### [Problem to solve]
Starting at the line that contains "modern beige kitchen", write out every line to the end of the records below exactly, and leave out the pictures.

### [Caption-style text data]
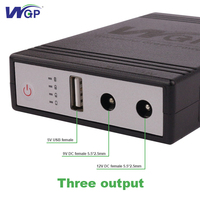 Batería Portátil de Respaldo WGP con Entrada de CC 5V 9V 12V, Mini UPS para Router WiFi, Módem, CCTV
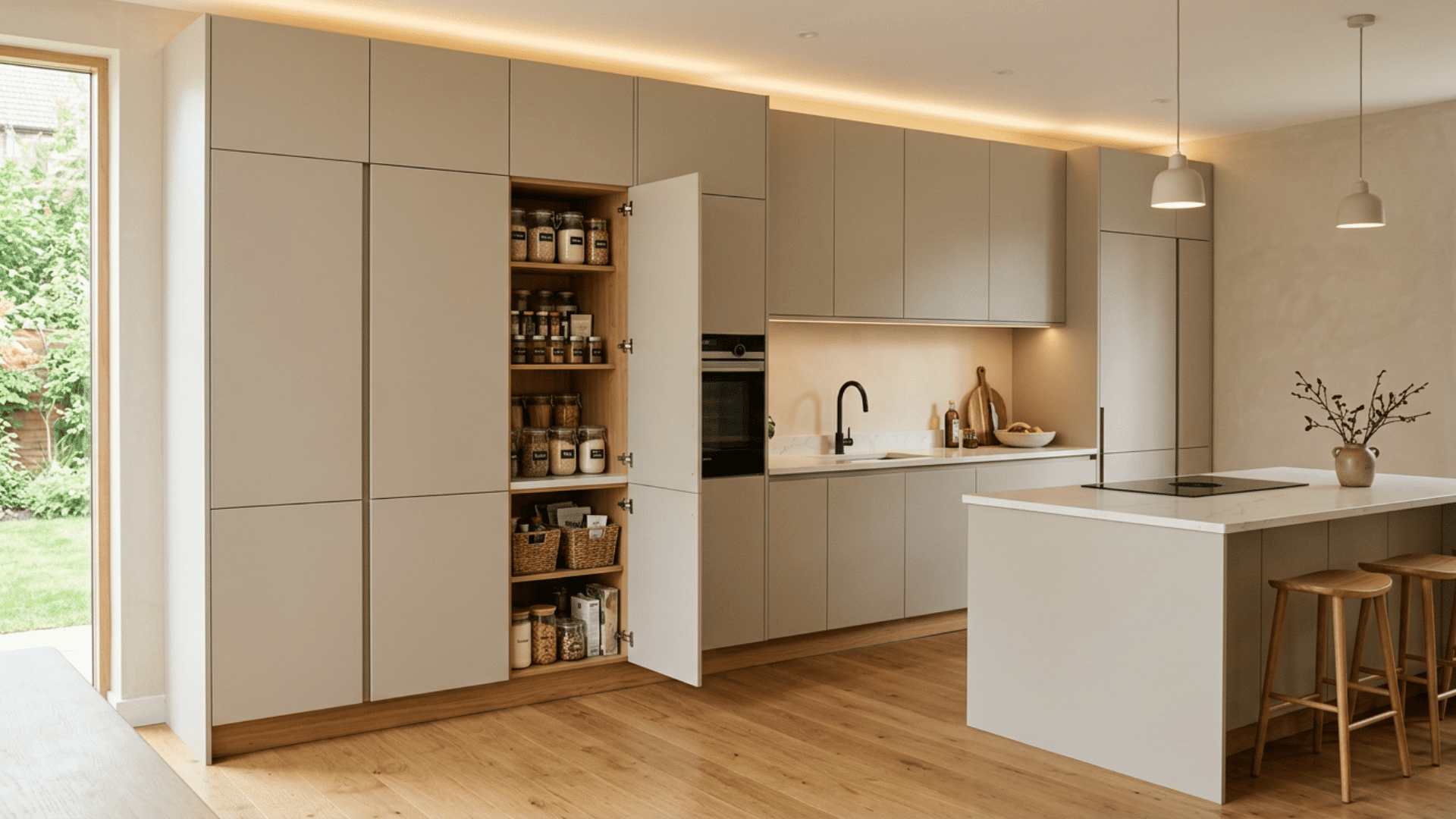 modern beige kitchen with open pantry white island wood stools black faucet pendant lights and garden door
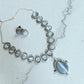 Bollywood Indian AD Jewelry Set, Peach Grey Stone, Rhodium Finish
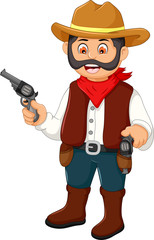 cute cowboy cartoon holding a gun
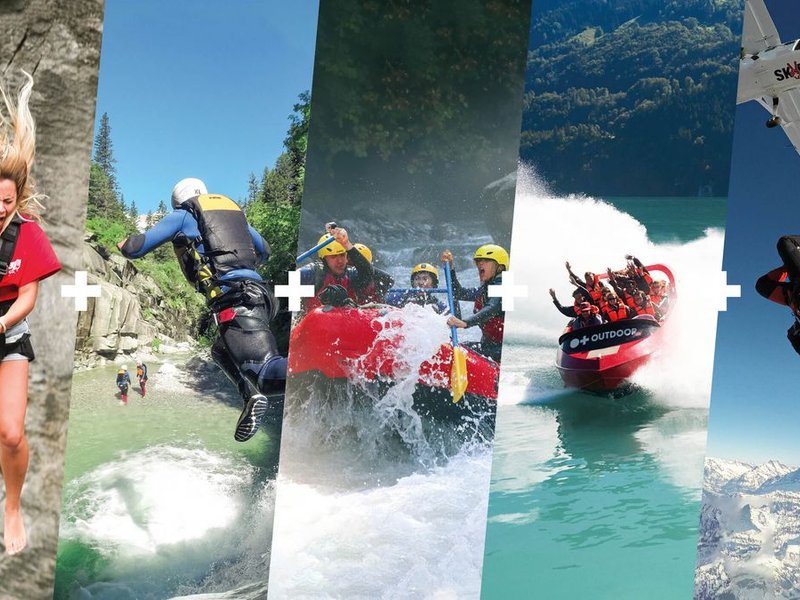 People abseiling, canyoning, rafting, jet boating, and skydiving in a mountain landscape.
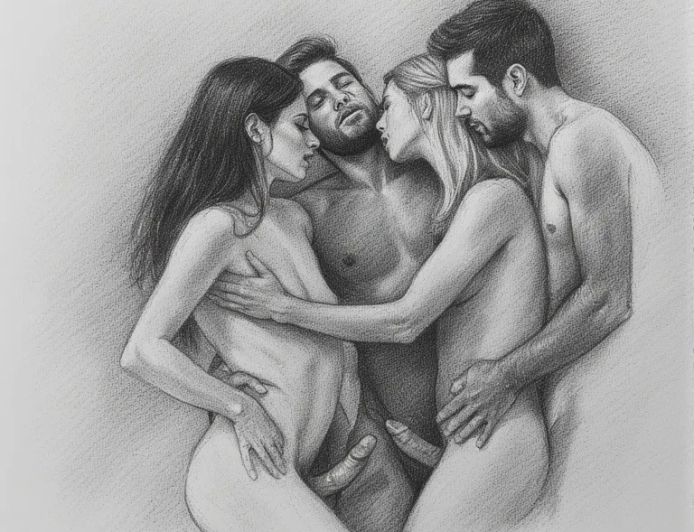 एक पत्नी को दूसरे से बदलने के बाद सेक्स का आनंद लिया जा रहा है।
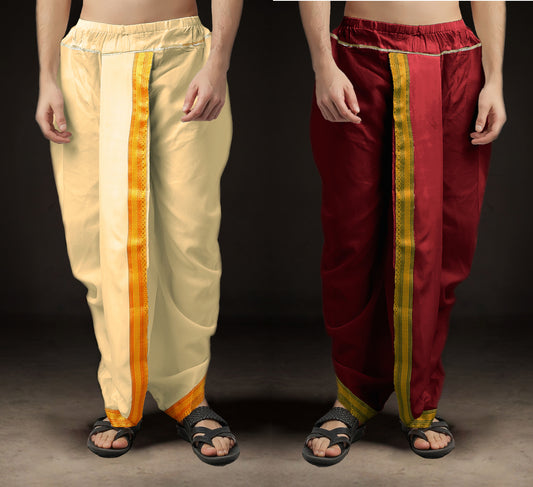 Ready-Made Dhoti for Men Pack of 2 Phakkat – Cream & Maroon Dhoti Combo Front View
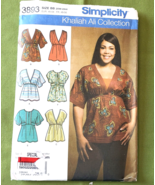 Simplicity 3893 Misses Woven Knit Tops 4 Styles Sizes 20W-28W Uncut Fact... - £7.77 GBP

### [Response below]
 modern beige kitchen with open pantry white island wood stools black faucet pendant lights and garden door
 Bollywood Indian AD Jewelry Set, Peach Grey Stone, Rhodium Finish
 cute cowboy cartoon holding a gun
 People abseiling, canyoning, rafting, jet boating, and skydiving in a mountain landscape.
 एक पत्नी को दूसरे से बदलने के बाद सेक्स का आनंद लिया जा रहा है।
 Ready-Made Dhoti for Men Pack of 2 Phakkat – Cream & Maroon Dhoti Combo Front View
 Simplicity 3893 Misses Woven Knit Tops 4 Styles Sizes 20W-28W Uncut Fact... - £7.77 GBP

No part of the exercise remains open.